Czuję, że wkroczyłam w najlepszy okres swojego życia. Wywiad z Iloną Adamską

Gdy rozmawiam z właścicielami marek i pytam ich, co decyduje o tym, że wybierają mnie do swoich kampanii, wszyscy zgodnie odpowiadają: klasa, charyzma, dojrzałość, kobiecość i to, że jestem inspiracją dla wielu kobiet. Wygrywam tym, co robię na co dzień. Kobiety chcą mnie słuchać, szanują mnie. Chcą nosić to, co ja” – opowiada nam Ilona Adamska, właścicielka Agencji Wydawniczo Promocyjnej I.D.Media, redaktor naczelna Law Business Quality i Imperium Kobiet, prezes Europejskiego Klubu Kobiet Biznesu, wreszcie modelka i fotomodelka, która w tym zawodzie łamie wszelkie stereotypy.

Ewelina Salwuk-Marko: Jak zaczęła się Twoja przygoda z modelingiem?

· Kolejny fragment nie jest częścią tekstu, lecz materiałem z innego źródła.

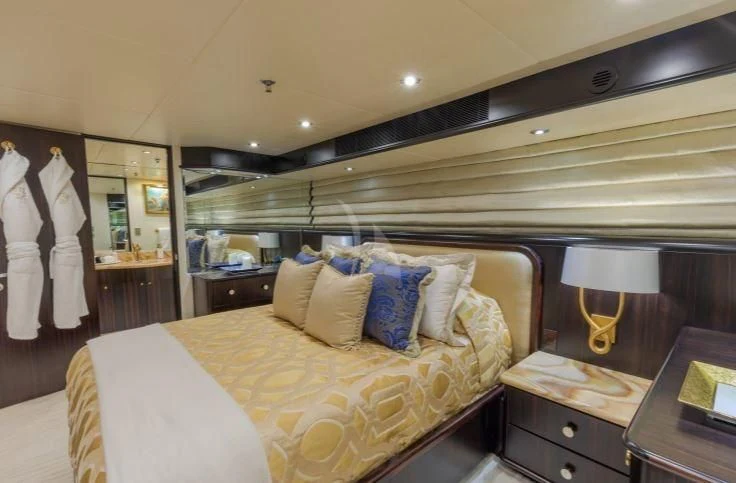 a bed with a white sheet and pillows aboard GRADE I Yacht for Charter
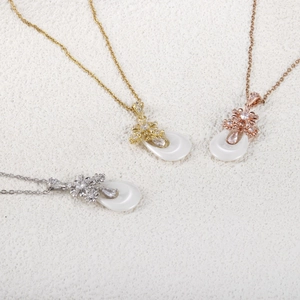 Pendentifs gouttes en céramique avec motifs floraux en or, or rose et finitions argentées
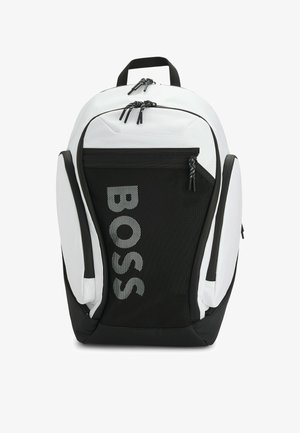 Black and white backpack with a sleek design, made of durable nylon. Features a large front pocket, mesh accents, and a logo in reflective print.
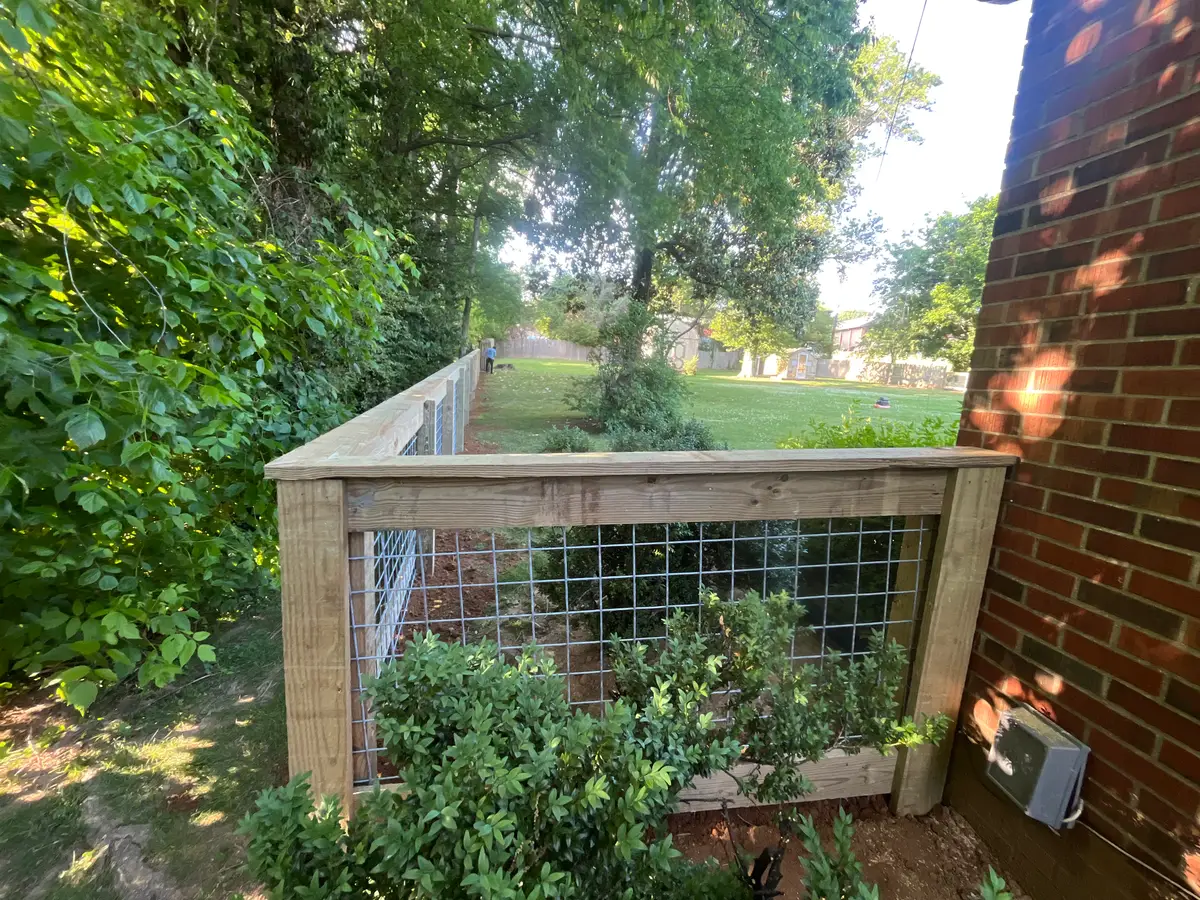 Wood wire animal pen fence, installed by Duck Duck Fence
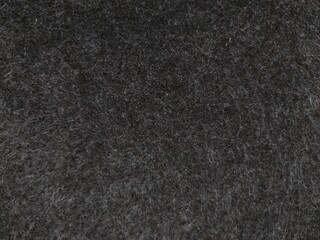dark gray background of fleecy artificial carpeting material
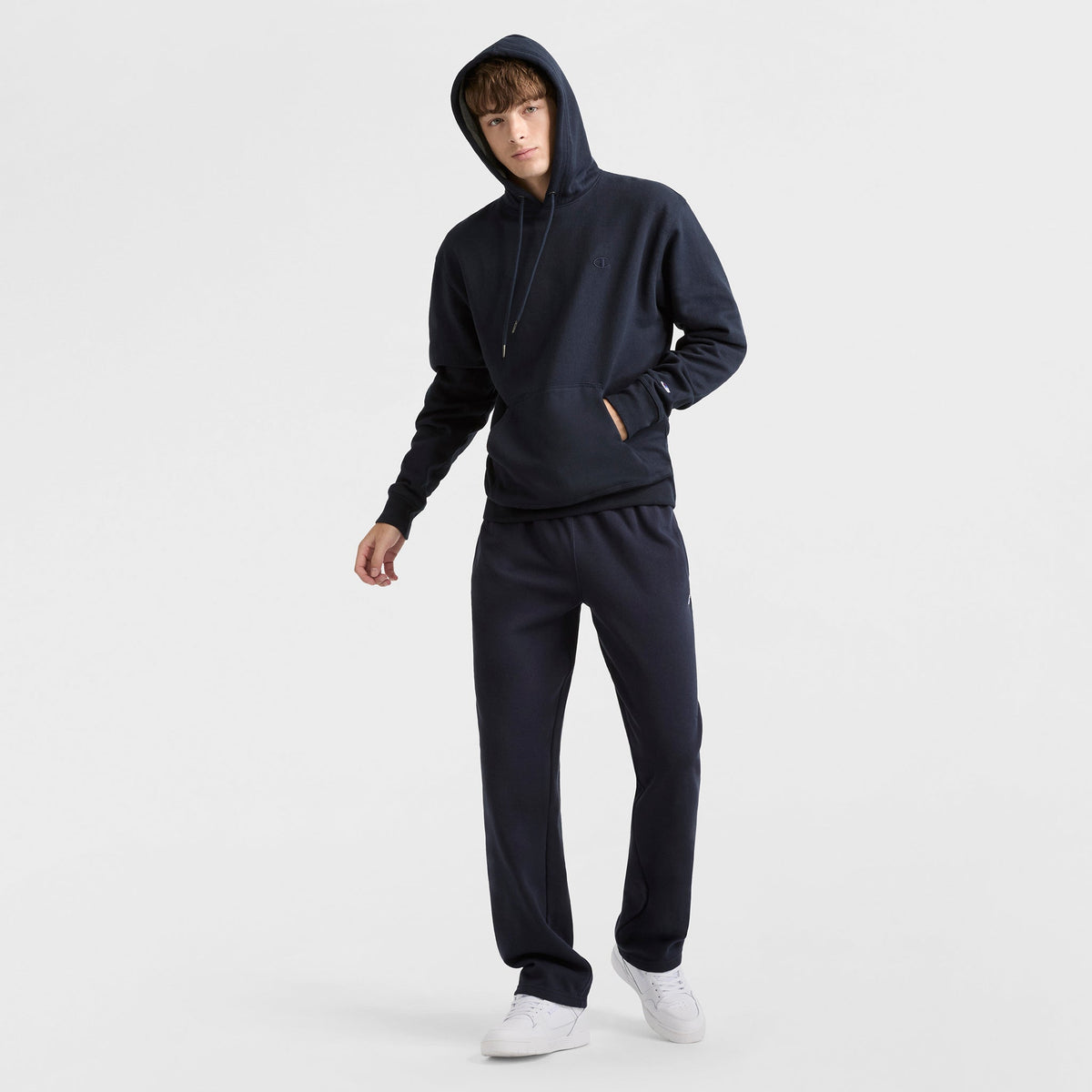A person wearing Champion Powerblend Sweatpants, Open Hem, C Logo, and a dark hooded sweatshirt with white sneakers stands against a plain white background.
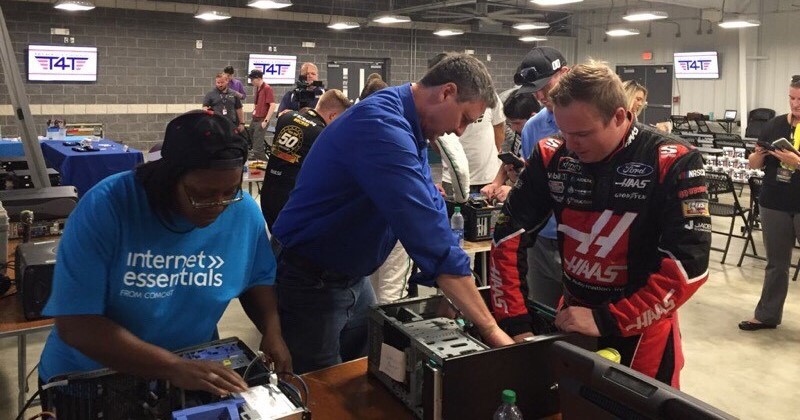 A group of people working on hard drives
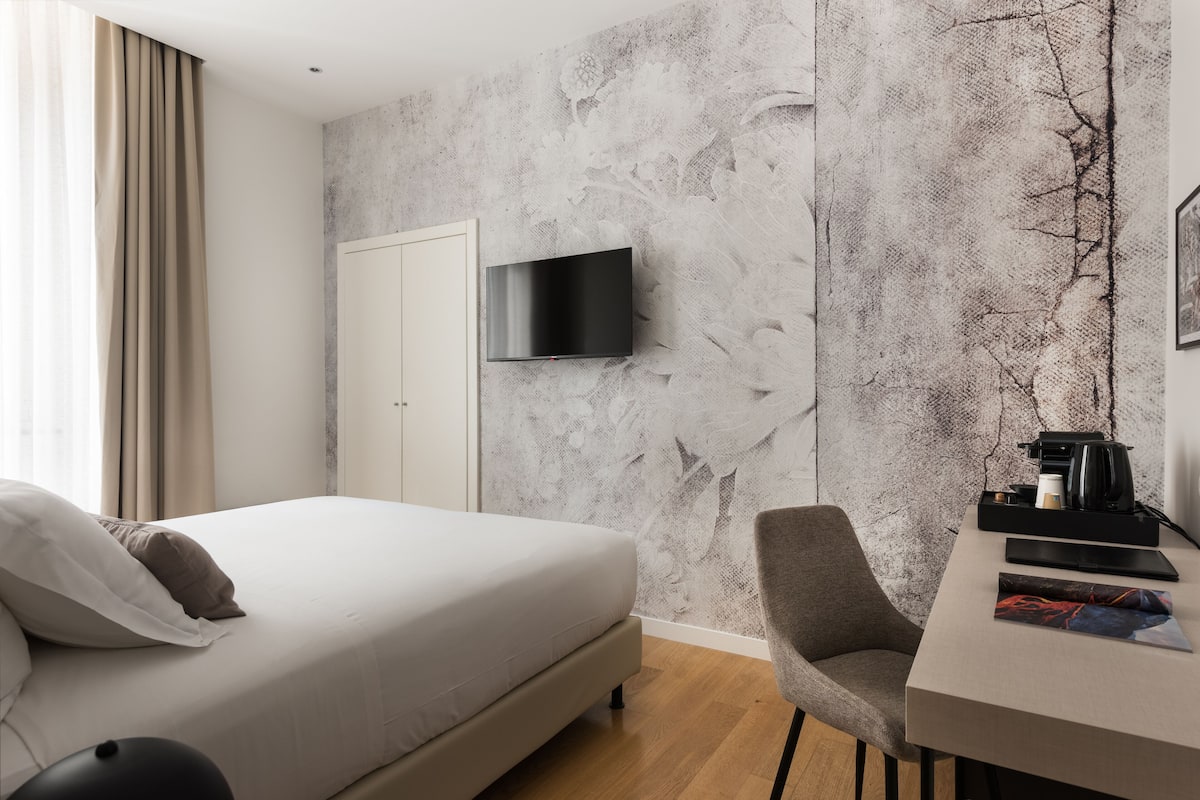 A modern hotel room with a bed, a desk with a chair, a television mounted on the wall, and a door.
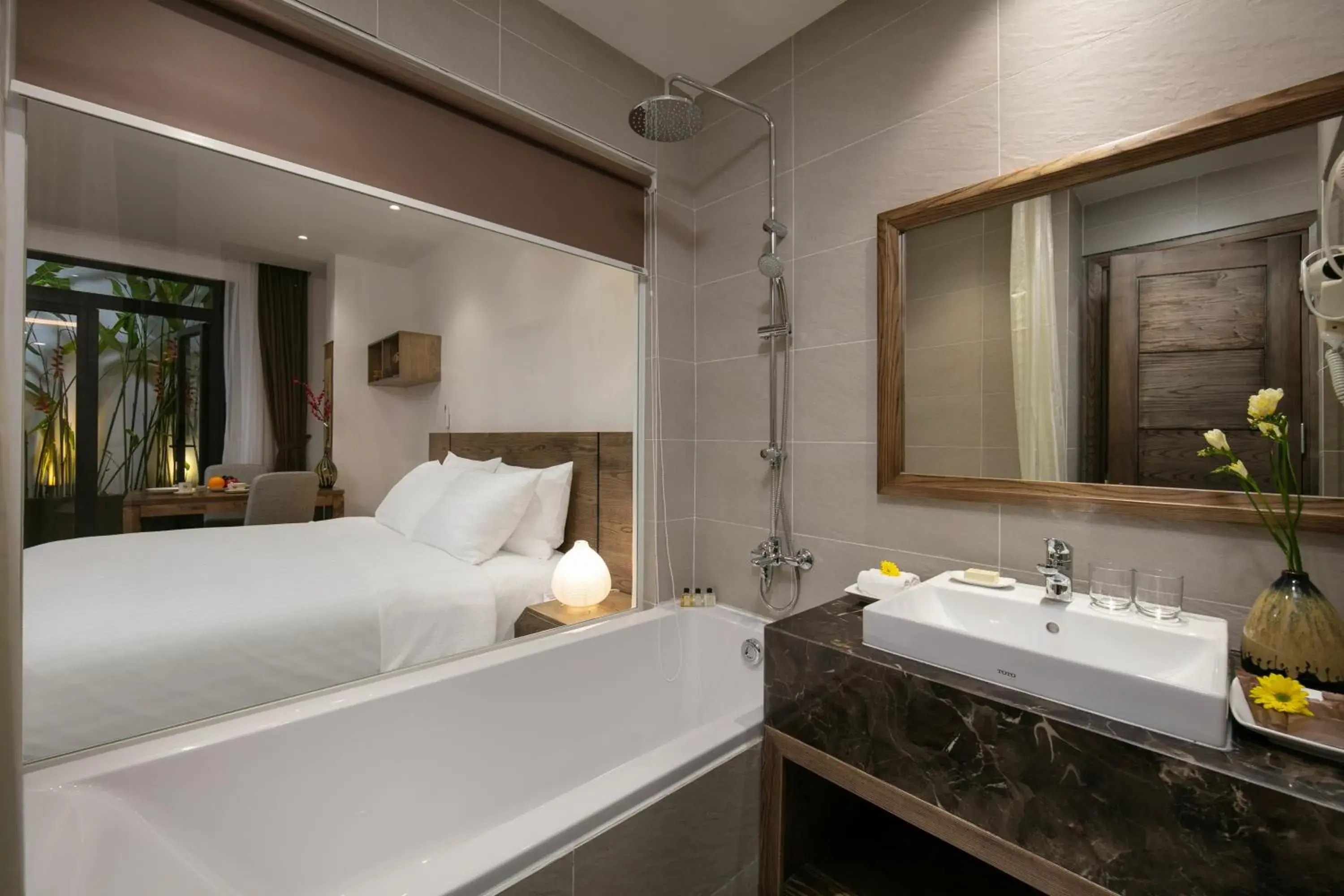 Shower, Bed in The Bloom Pham Viet Chanh - Modern Living Space in Saigon - A Top Choice for Western Travelers Shower, Bed in The Bloom Pham Viet Chanh - Modern Living Space in Saigon - A Top Choice for Western Travelers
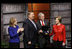 President George W. Bush, joined by Mrs. Laura Bush, is presented with the International Medal of PEACE by Pastor Rick Warren and his wife, Kay Warren, left, Monday, Dec. 1, 2008, following their partipation at the Saddleback Civil Forum on Global Health in Washington, D.C.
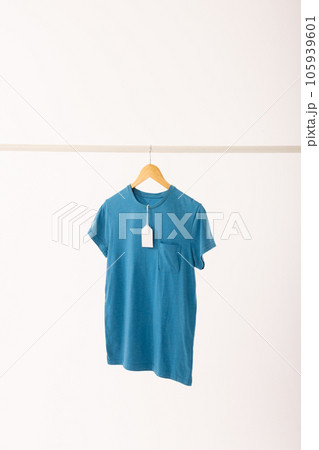 Blue t shirt with tag on hanger hanging from clothes rail with copy space on white background Blue t shirt with tag on hanger hanging from clothes rail with copy space on white background 105939601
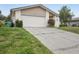 View of a home's driveway and two-car garage showing some yard and plantings at 3121 Egret Ter, Safety Harbor, FL 34695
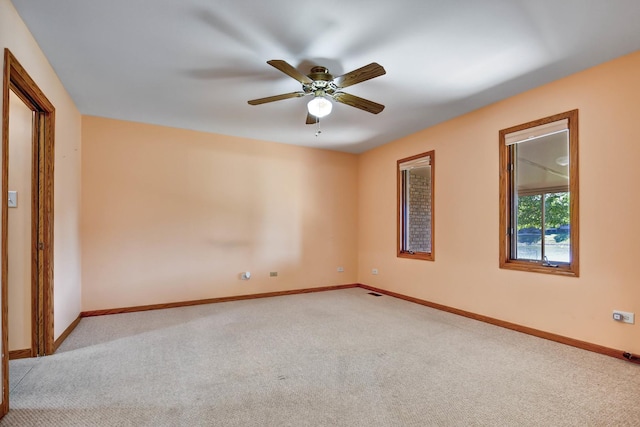 spare room featuring light carpet and ceiling fan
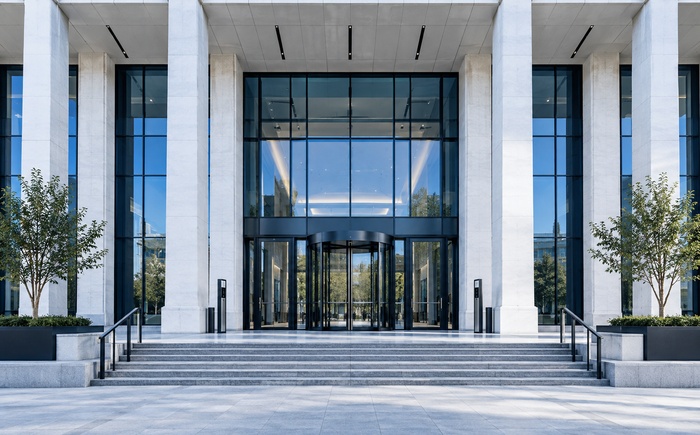 Entrance of a public building with columns and a revolving door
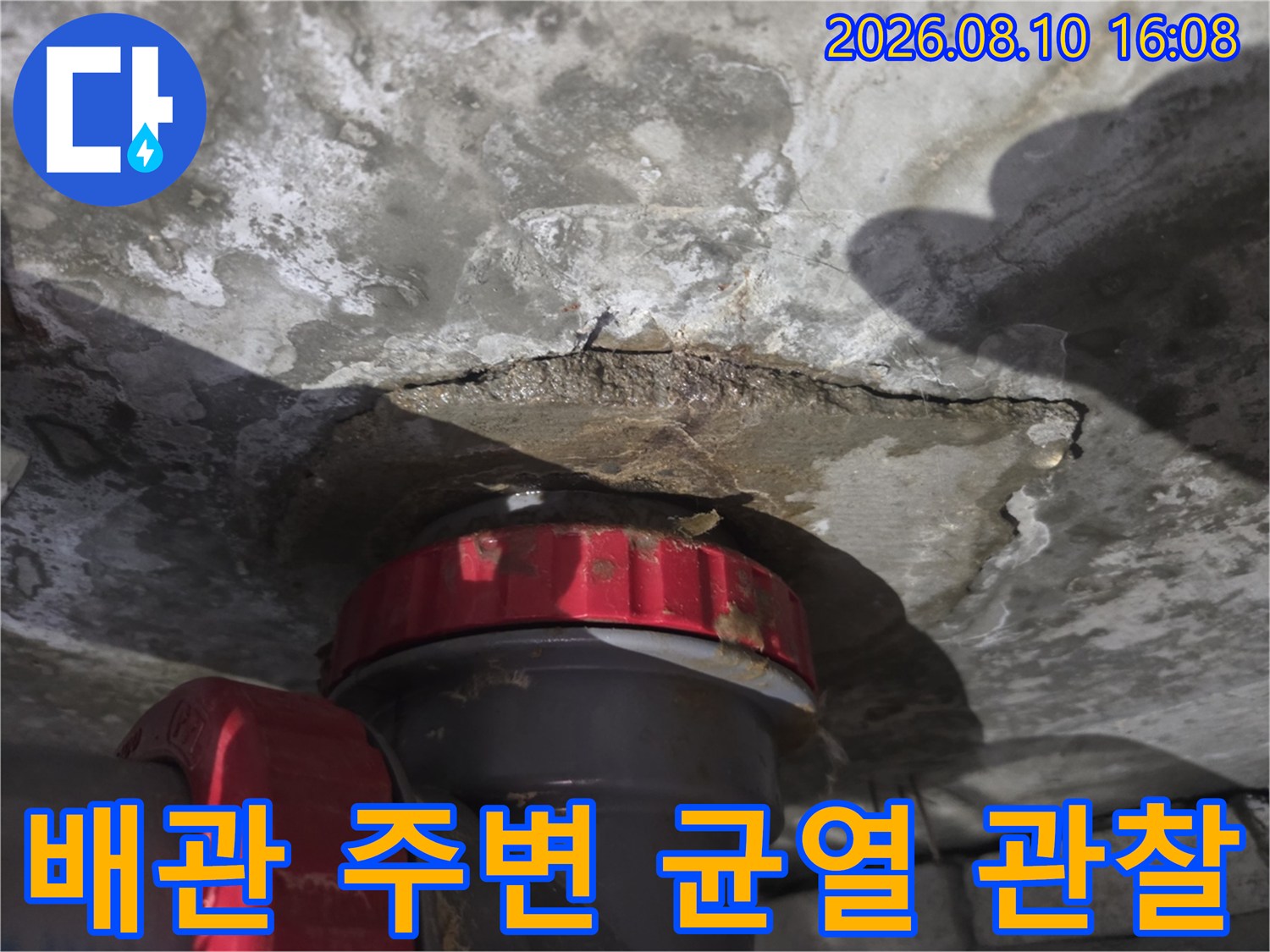 배관 주위의 젖은 얼룩과 미세한 콘크리트 균열을 촬영했습니다.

Ilona Adamska: Od przypadku, choć mówi się, że w życiu nie ma przypadków. Gdy byłam w 4 klasie liceum i przygotowywałam się do matury, prenumerowałam czasopismo dla maturzystów „Cogito”. Któregoś razu pojawiło się w nim ogłoszenie o castingu do warszawskiej agencji Eastern Models. W całkowitej konspiracji, nie mówiąc o tym nikomu, wysłałam listem poleconym swoje zdjęcia. Tak naprawdę nie wierzyłam w to, że ktoś się odezwie. Byłam wtedy zakompleksioną dziewczyną, która oddawała się wielkiej pasji – koszykówce. Poważniejsze plany na przyszłość wiązałam raczej ze sportem, graniem zawodowo w kosza niż pracą modelki. Mijał miesiąc, dwa. Odpowiedzi nie było. Tylko utwierdziłam się w przekonaniu, że jestem brzydka. I totalnie zapomniałam o tym castingu. Po jakiś 3 miesiącach zatelefonowano z zaproszeniem na rozmowy do Warszawy. Powiedziałam o tym mamie. Dostałam warunek: najpierw matura, potem modeling. Poczekałam więc do zdania matury i zaraz po niej pojechałam z mamą pociągiem do stolicy. Powiedziano mi, że wymiary mam super, ale musimy poczekać, aż podrosną mi włosy – miałam wtedy fryzurę do ucha, żeby grało mi się wygodniej w kosza. W tym samym czasie dostałam się na studia do Krakowa. Trafiłam pod skrzydła byłej miss Polski, która miała za zadanie nauczenie mnie chodzenia w szpilkach, bo do tej pory, z racji koszykówki, nosiłam głównie obuwie sportowe. Kompletnie nie umiałam chodzić na wysokich obcasach. Po dwóch spotkaniach okazało się jednak, że w szpilkach czuję się jak ryba w wodzie, a po wybiegu płynę jak Naomi Campbell, więc po pół roku jedna z krakowskich agencji modelek poprosiła mnie, żebym prowadziła u nich warsztaty z modelingu i uczyła młode dziewczyny chodzenia po wybiegu. W Krakowie zdobywałam pierwsze doświadczenie jako modelka, brałam udział w sesjach i pokazach, ale tak naprawdę niekomercyjnych albo za naprawdę śmieszne pieniądze. Bardziej uczyłam się pozować, poznawać świat mody od kulis. Prawdziwe życie modelki zaczęło się dopiero na drugim roku studiów, gdy trafiłam do jednej z najlepszych agencji modelek w Polsce D’vision. Agencja reprezentowała wtedy m.in. Ilonę Felicjańską, Agatę Buzek, Anję Rubik. Modelki z tej agencji podbijały cały świat. Znalezienie się w jej portfolio było dla wielu dziewczyn marzących o karierze modelki spełnieniem marzeń.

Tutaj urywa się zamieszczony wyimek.